** Data follows **
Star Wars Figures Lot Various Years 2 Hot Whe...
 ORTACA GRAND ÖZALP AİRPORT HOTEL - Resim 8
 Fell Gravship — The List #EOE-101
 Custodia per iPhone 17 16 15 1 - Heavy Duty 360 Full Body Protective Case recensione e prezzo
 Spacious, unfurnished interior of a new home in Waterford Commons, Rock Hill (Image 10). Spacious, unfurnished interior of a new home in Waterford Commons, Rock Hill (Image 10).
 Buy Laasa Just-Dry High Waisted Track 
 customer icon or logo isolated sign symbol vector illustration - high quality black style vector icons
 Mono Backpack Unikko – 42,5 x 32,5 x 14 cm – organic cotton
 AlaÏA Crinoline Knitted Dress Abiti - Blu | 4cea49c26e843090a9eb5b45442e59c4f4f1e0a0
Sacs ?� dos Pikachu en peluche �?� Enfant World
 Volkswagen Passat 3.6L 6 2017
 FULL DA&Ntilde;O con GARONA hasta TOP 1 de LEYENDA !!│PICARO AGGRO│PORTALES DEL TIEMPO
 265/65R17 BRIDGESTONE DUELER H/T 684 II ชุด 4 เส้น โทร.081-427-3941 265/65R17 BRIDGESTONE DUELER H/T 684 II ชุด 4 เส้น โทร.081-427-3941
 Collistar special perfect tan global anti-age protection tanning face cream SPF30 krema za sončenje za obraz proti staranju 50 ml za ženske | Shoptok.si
** End of Data **
Write the lines out again exactly, beginning at the line that contains "FULL DA&Ntilde;O con" and stopping only at the final line of the listing above.

 FULL DA&Ntilde;O con GARONA hasta TOP 1 de LEYENDA !!│PICARO AGGRO│PORTALES DEL TIEMPO
 265/65R17 BRIDGESTONE DUELER H/T 684 II ชุด 4 เส้น โทร.081-427-3941 265/65R17 BRIDGESTONE DUELER H/T 684 II ชุด 4 เส้น โทร.081-427-3941
 Collistar special perfect tan global anti-age protection tanning face cream SPF30 krema za sončenje za obraz proti staranju 50 ml za ženske | Shoptok.si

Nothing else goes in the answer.